Return, word for word, the lines of the listing below from the one with "Бойлер Ariston SG1" through the one with "Apartamento Wave Coast", and no other lines.
═══ TASK MATERIAL ═══
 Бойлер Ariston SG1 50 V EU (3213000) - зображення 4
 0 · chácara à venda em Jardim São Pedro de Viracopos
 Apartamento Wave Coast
═══
═══ TASK MATERIAL ═══
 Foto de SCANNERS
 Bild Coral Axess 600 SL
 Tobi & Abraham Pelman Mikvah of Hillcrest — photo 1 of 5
═══
**EXERCISE ANSWER**
 Бойлер Ariston SG1 50 V EU (3213000) - зображення 4
 0 · chácara à venda em Jardim São Pedro de Viracopos
 Apartamento Wave Coast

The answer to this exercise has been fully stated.